The task =>
The answer is all of the entries below, repeated exactly and free of pictures.
::: Records supplied
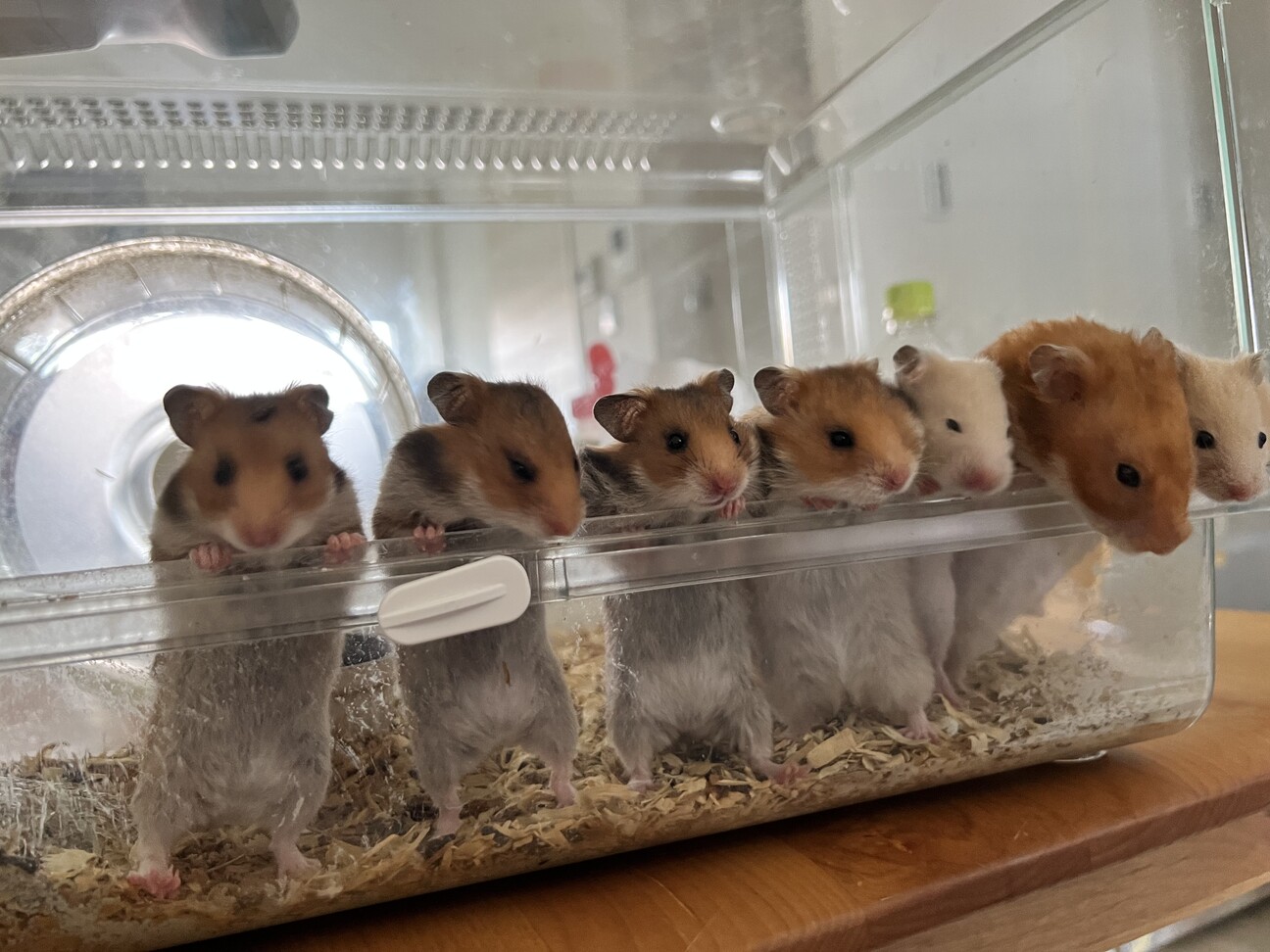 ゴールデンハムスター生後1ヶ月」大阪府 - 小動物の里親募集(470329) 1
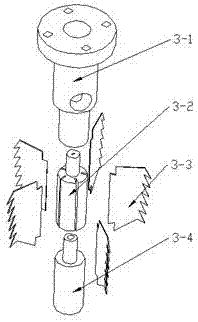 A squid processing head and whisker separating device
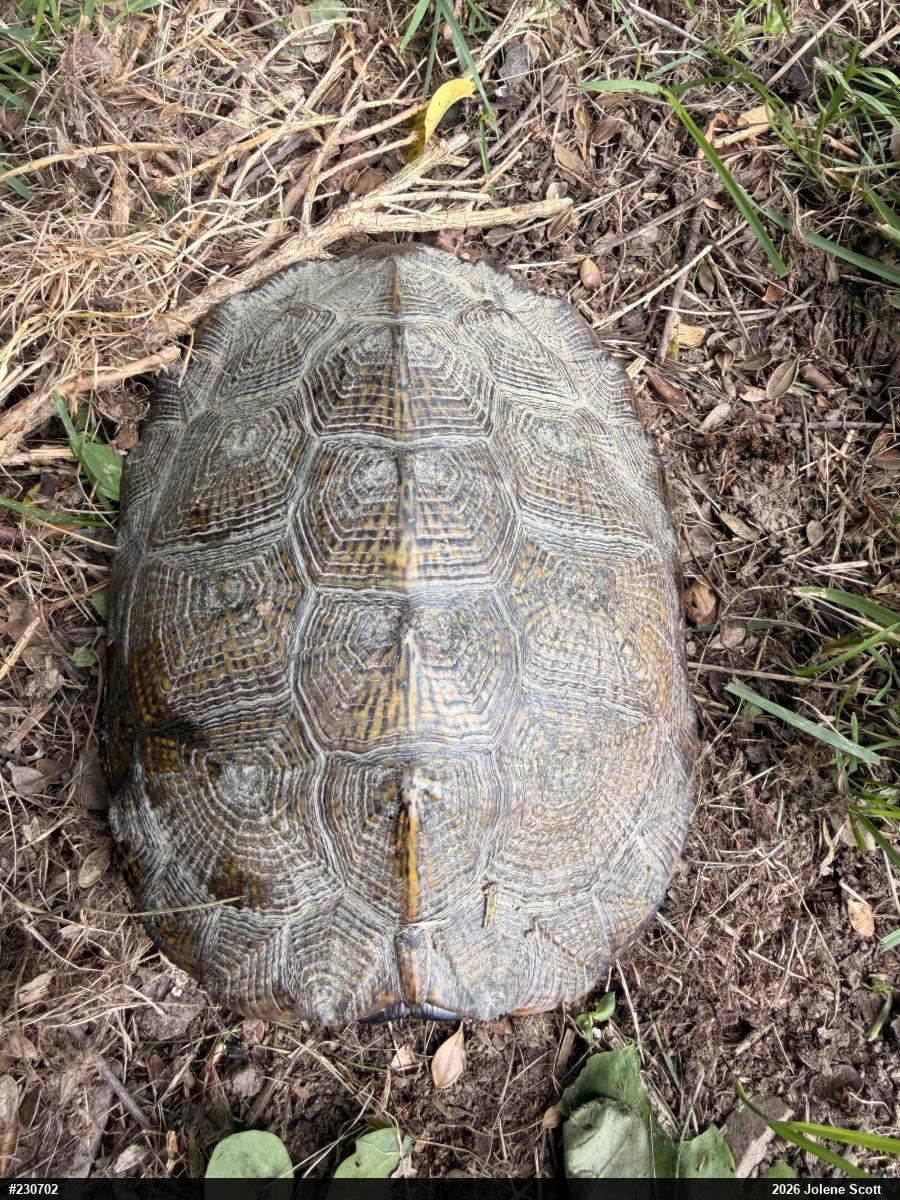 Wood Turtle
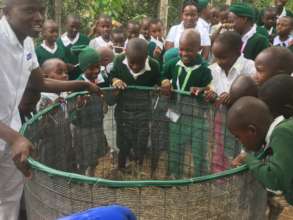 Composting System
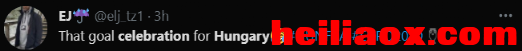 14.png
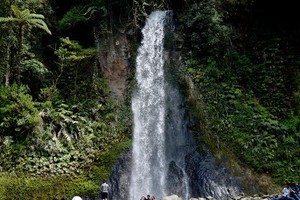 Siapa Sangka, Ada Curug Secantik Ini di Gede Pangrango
::::::
Completed task =>
 ゴールデンハムスター生後1ヶ月」大阪府 - 小動物の里親募集(470329) 1
 A squid processing head and whisker separating device
 Wood Turtle
 Composting System
 14.png
 Siapa Sangka, Ada Curug Secantik Ini di Gede Pangrango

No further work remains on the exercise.